[[ Source data open ]]

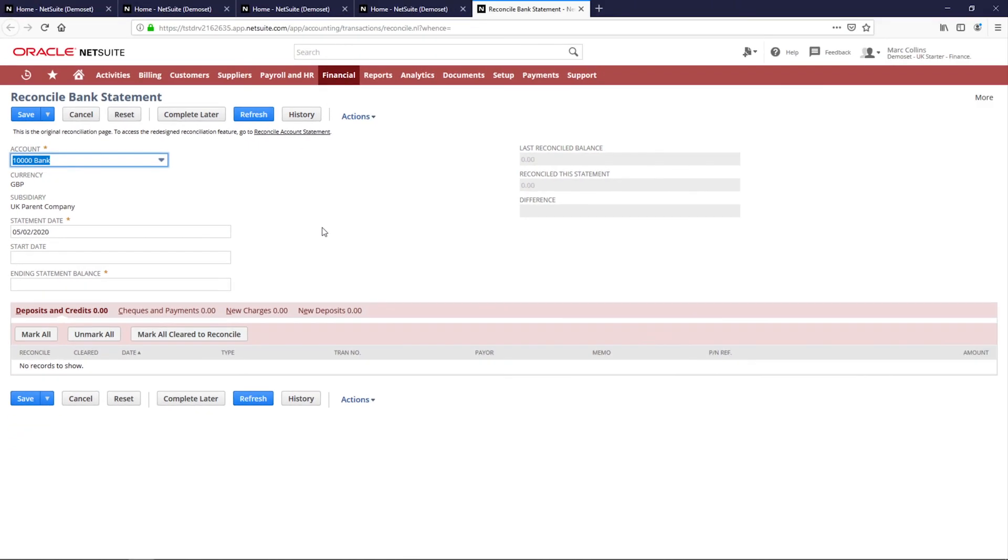We have walked through at a high level reporting in NetSuite, journal entries, and bank reconciliations. Thank you for watching this demonstration. If you have any questions, please reach out to your account manager.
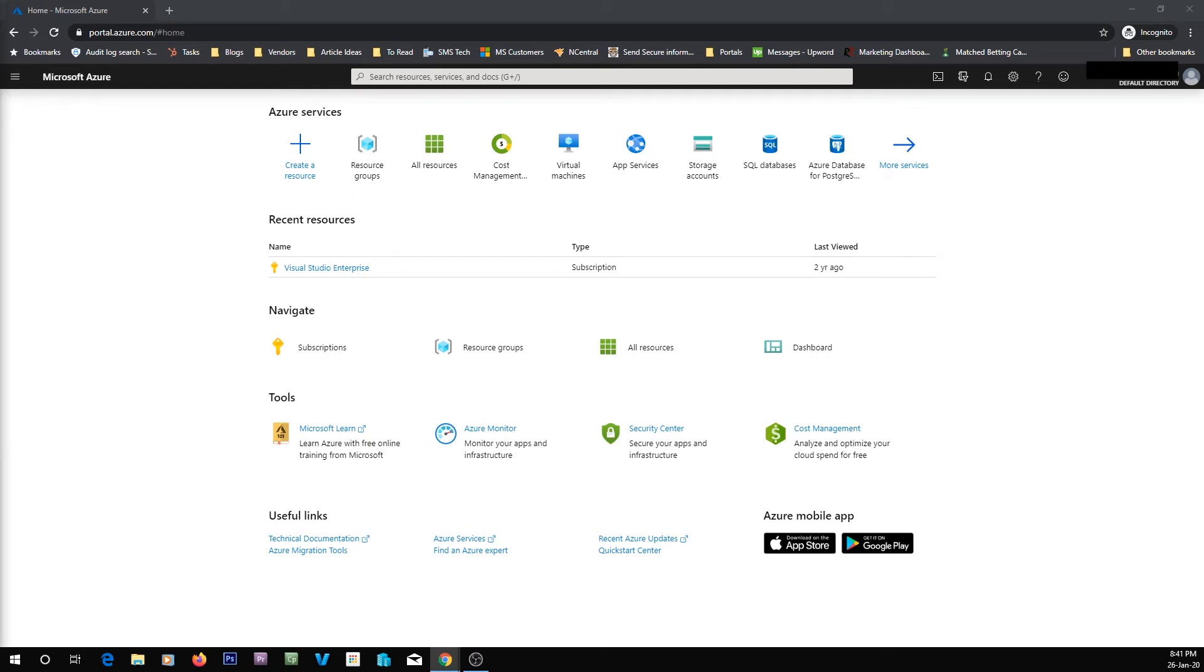G'day guys, today I'm going to be showing you through navigating the Azure portal. This is going to be the first video in a series of Azure videos, so if they're out already, you'll probably see a link in the description. If not, they'll be coming soon.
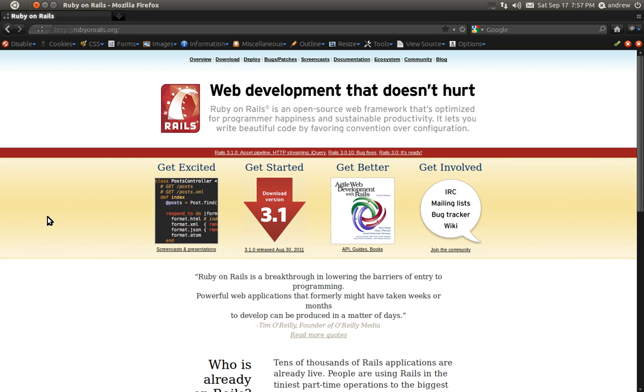Hello, this is Andrew Perkins, and over the next several videos I'll be doing a series on Ruby on Rails. I'll be using Rails 3.1 to create a blogging application with posts, comments, and tags.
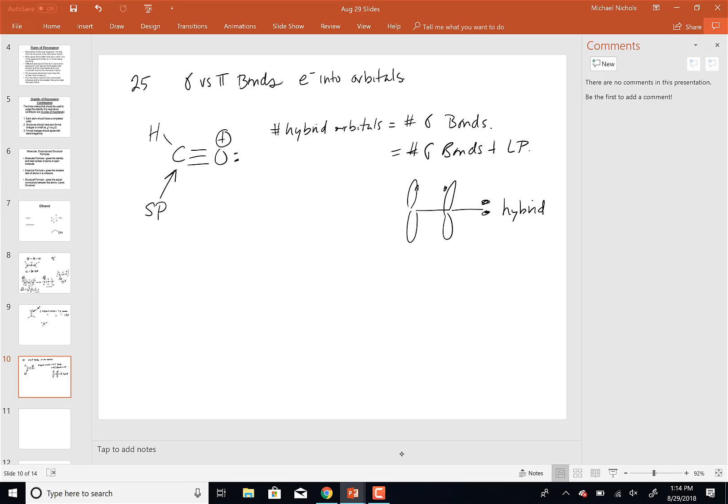Lone pairs go in the hybrid orbitals. So I'm going to modify the formula so it works with any atom: the number of hybrid orbitals equals the number of sigma bonds plus the number of lone pairs. With that modified formula, what's the hybridization of the oxygen? SP — because it's got one lone pair and one sigma bond, giving two SP hybrid orbitals.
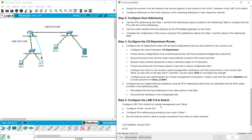Coming to Step 4: configure the Lab-214-A switch for remote management over Telnet. Configure VLAN 1 as the SVI, configure IPv4 addressing according to the work done in Step 1, and make sure the switch is able to accept connections from hosts on other networks — meaning we have to configure the default gateway as well.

[[ Source data closed ]]

__Your objective__
Leaving every picture out, return the lines from the one containing "Hello, this is" through the last line of the records exactly.

__Exercise solution__
Hello, this is Andrew Perkins, and over the next several videos I'll be doing a series on Ruby on Rails. I'll be using Rails 3.1 to create a blogging application with posts, comments, and tags.
Lone pairs go in the hybrid orbitals. So I'm going to modify the formula so it works with any atom: the number of hybrid orbitals equals the number of sigma bonds plus the number of lone pairs. With that modified formula, what's the hybridization of the oxygen? SP — because it's got one lone pair and one sigma bond, giving two SP hybrid orbitals.
Coming to Step 4: configure the Lab-214-A switch for remote management over Telnet. Configure VLAN 1 as the SVI, configure IPv4 addressing according to the work done in Step 1, and make sure the switch is able to accept connections from hosts on other networks — meaning we have to configure the default gateway as well.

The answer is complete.